_Data extract_
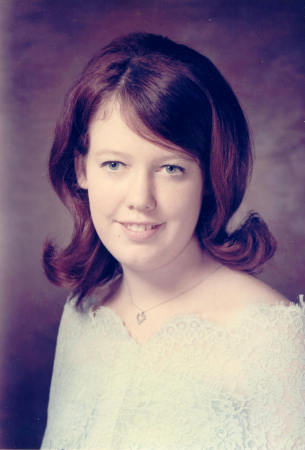 1970 Senior Photo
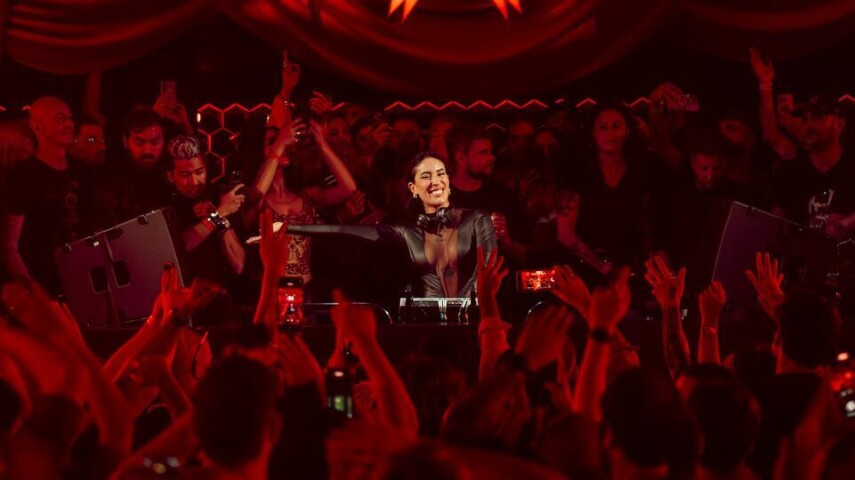 Indira Paganotto представила лайнапы ARTCORE для Hï Ibiza и [UNVRS]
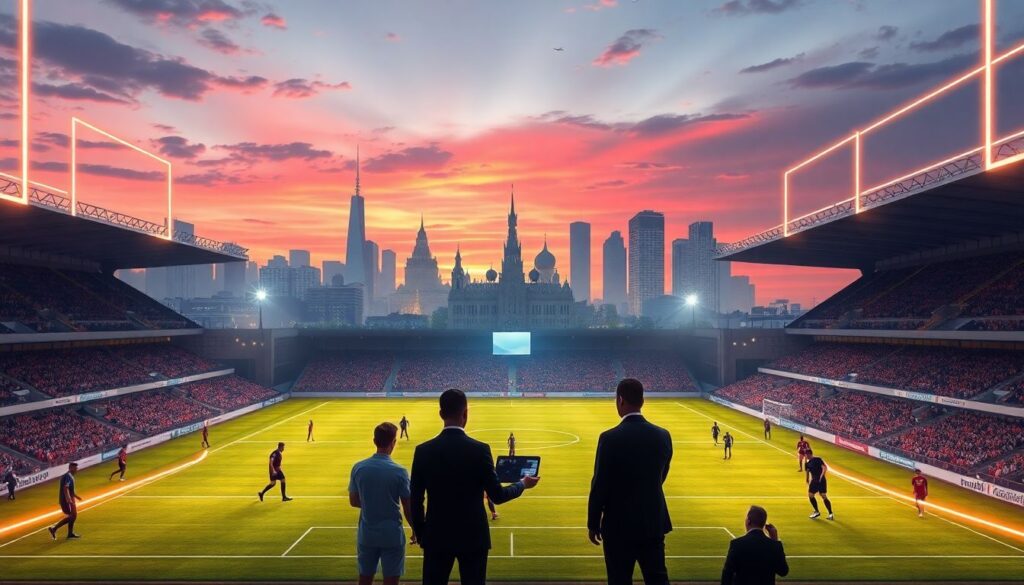 Регулирование и правила в столичном футболе - иллюстрация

_Work instructions_
Output the listing above in full, exactly. No images.

_Answer area_
 1970 Senior Photo
 Indira Paganotto представила лайнапы ARTCORE для Hï Ibiza и [UNVRS]
 Регулирование и правила в столичном футболе - иллюстрация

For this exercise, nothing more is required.